(Stored records)
Start of Block

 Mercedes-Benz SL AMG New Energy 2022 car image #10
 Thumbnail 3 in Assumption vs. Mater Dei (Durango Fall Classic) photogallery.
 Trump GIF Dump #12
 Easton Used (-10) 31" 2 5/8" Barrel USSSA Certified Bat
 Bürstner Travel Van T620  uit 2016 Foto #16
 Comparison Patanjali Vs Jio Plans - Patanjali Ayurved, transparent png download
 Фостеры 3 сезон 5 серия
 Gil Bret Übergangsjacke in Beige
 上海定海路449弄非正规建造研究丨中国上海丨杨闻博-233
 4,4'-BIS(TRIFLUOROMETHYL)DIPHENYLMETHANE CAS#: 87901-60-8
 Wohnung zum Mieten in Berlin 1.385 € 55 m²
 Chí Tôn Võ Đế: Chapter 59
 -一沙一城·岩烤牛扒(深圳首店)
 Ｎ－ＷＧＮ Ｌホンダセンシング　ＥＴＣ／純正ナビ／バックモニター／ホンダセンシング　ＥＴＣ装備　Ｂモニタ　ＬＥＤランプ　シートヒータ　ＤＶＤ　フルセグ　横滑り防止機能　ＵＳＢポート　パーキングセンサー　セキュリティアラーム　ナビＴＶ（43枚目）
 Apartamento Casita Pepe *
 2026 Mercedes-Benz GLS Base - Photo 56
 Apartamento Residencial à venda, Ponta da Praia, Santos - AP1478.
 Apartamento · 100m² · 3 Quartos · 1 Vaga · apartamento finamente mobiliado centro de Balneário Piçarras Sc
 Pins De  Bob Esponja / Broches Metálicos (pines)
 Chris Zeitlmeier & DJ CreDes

End of Block

Work task:
Please copy, exactly and with nothing else, the lines above beginning at the line that has "Wohnung zum Mieten in Berlin 1.385 € 55 m²" and ending with the line that has "Broches Metálicos (pines)".

Response area:
 Wohnung zum Mieten in Berlin 1.385 € 55 m²
 Chí Tôn Võ Đế: Chapter 59
 -一沙一城·岩烤牛扒(深圳首店)
 Ｎ－ＷＧＮ Ｌホンダセンシング　ＥＴＣ／純正ナビ／バックモニター／ホンダセンシング　ＥＴＣ装備　Ｂモニタ　ＬＥＤランプ　シートヒータ　ＤＶＤ　フルセグ　横滑り防止機能　ＵＳＢポート　パーキングセンサー　セキュリティアラーム　ナビＴＶ（43枚目）
 Apartamento Casita Pepe *
 2026 Mercedes-Benz GLS Base - Photo 56
 Apartamento Residencial à venda, Ponta da Praia, Santos - AP1478.
 Apartamento · 100m² · 3 Quartos · 1 Vaga · apartamento finamente mobiliado centro de Balneário Piçarras Sc
 Pins De  Bob Esponja / Broches Metálicos (pines)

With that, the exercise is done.